(Scraped caption text data)
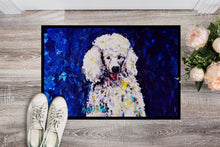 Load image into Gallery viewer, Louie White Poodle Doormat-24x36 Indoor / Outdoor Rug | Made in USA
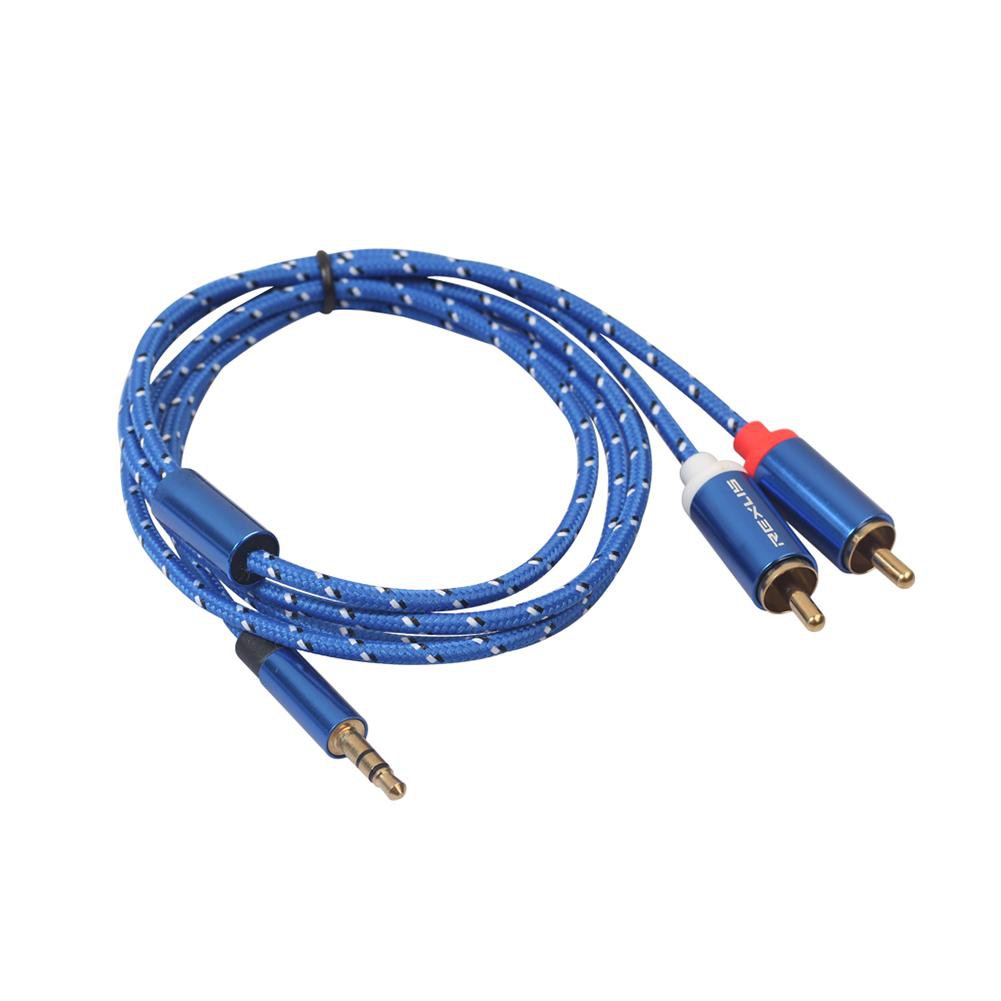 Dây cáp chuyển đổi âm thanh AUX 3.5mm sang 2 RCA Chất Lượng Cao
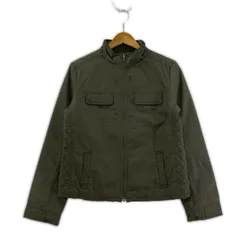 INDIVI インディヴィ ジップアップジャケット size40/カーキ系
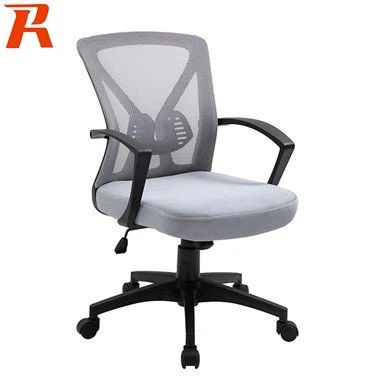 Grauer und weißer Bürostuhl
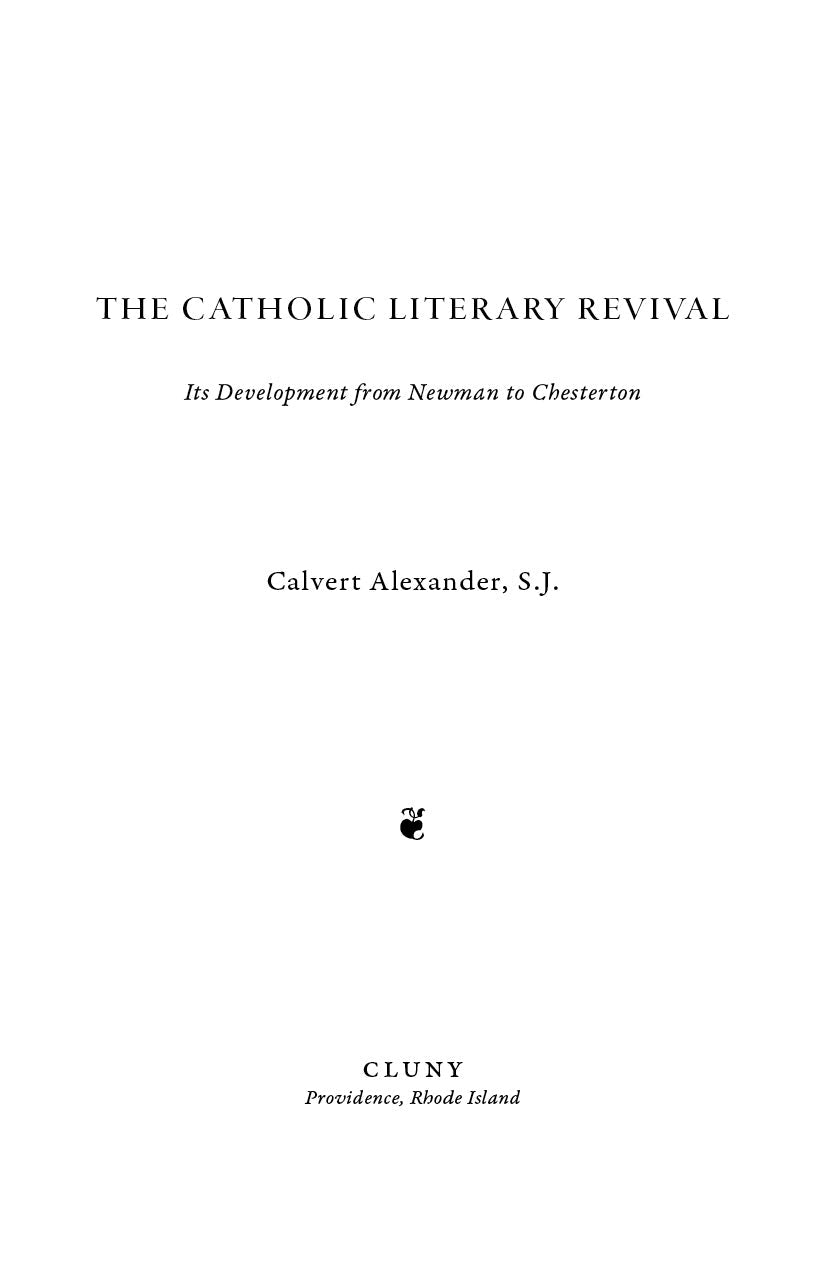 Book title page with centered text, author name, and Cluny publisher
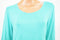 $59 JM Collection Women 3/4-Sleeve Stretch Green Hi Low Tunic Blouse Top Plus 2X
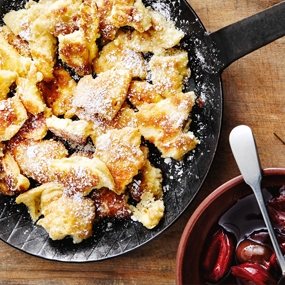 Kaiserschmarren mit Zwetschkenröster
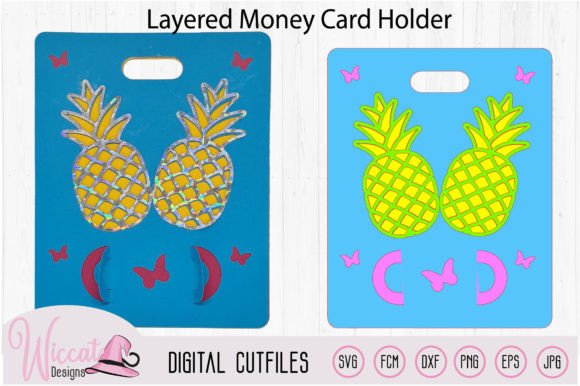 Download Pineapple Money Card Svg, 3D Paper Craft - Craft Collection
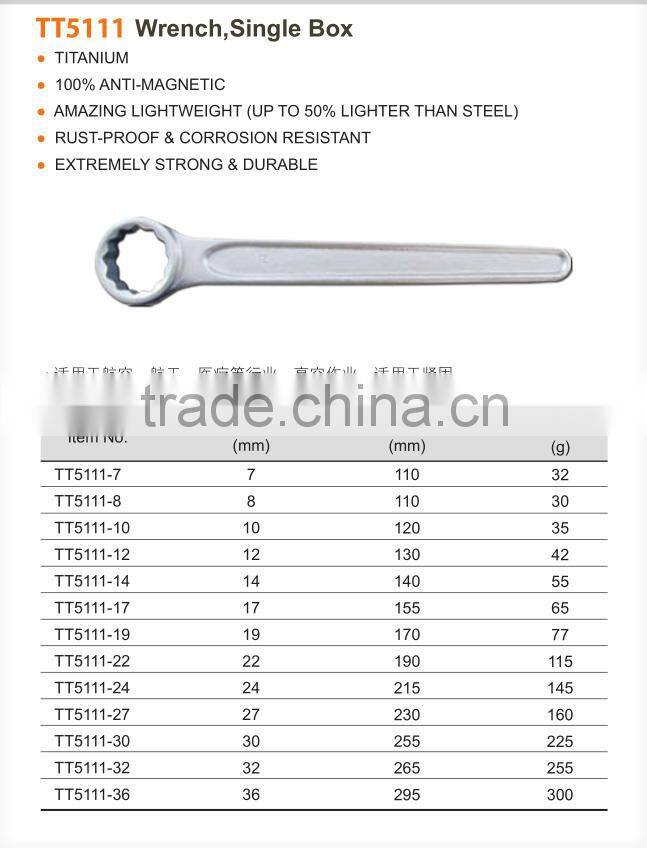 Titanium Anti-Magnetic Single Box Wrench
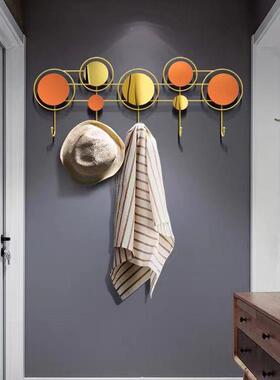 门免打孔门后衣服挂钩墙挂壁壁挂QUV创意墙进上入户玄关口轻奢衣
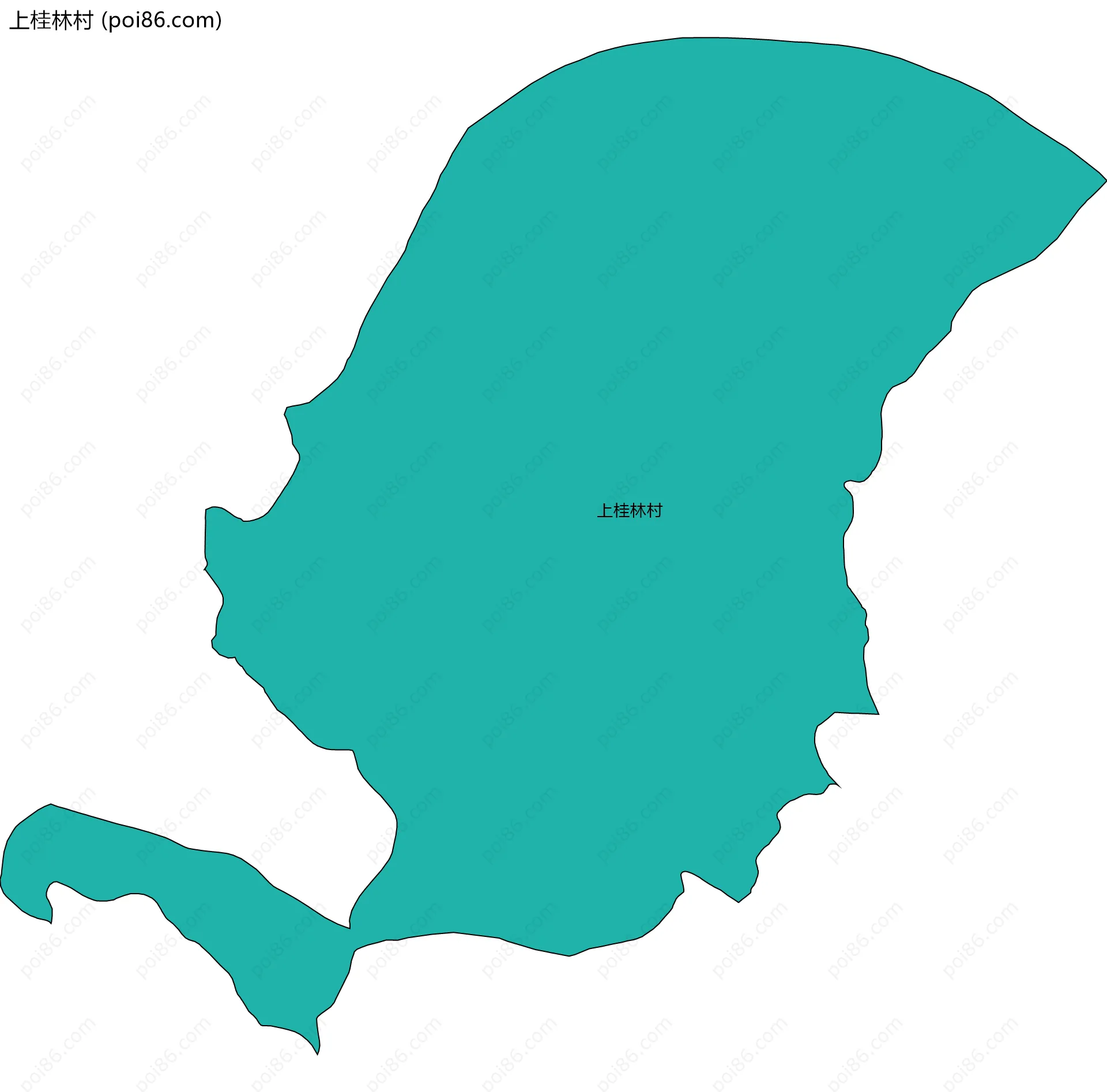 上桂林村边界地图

Task brief:
Drop every image, please, and write out the data above exactly as shown.

Response to the task:
 Load image into Gallery viewer, Louie White Poodle Doormat-24x36 Indoor / Outdoor Rug | Made in USA
 Dây cáp chuyển đổi âm thanh AUX 3.5mm sang 2 RCA Chất Lượng Cao
 INDIVI インディヴィ ジップアップジャケット size40/カーキ系
 Grauer und weißer Bürostuhl
 Book title page with centered text, author name, and Cluny publisher
 $59 JM Collection Women 3/4-Sleeve Stretch Green Hi Low Tunic Blouse Top Plus 2X
 Kaiserschmarren mit Zwetschkenröster
 Download Pineapple Money Card Svg, 3D Paper Craft - Craft Collection
 Titanium Anti-Magnetic Single Box Wrench
 门免打孔门后衣服挂钩墙挂壁壁挂QUV创意墙进上入户玄关口轻奢衣
 上桂林村边界地图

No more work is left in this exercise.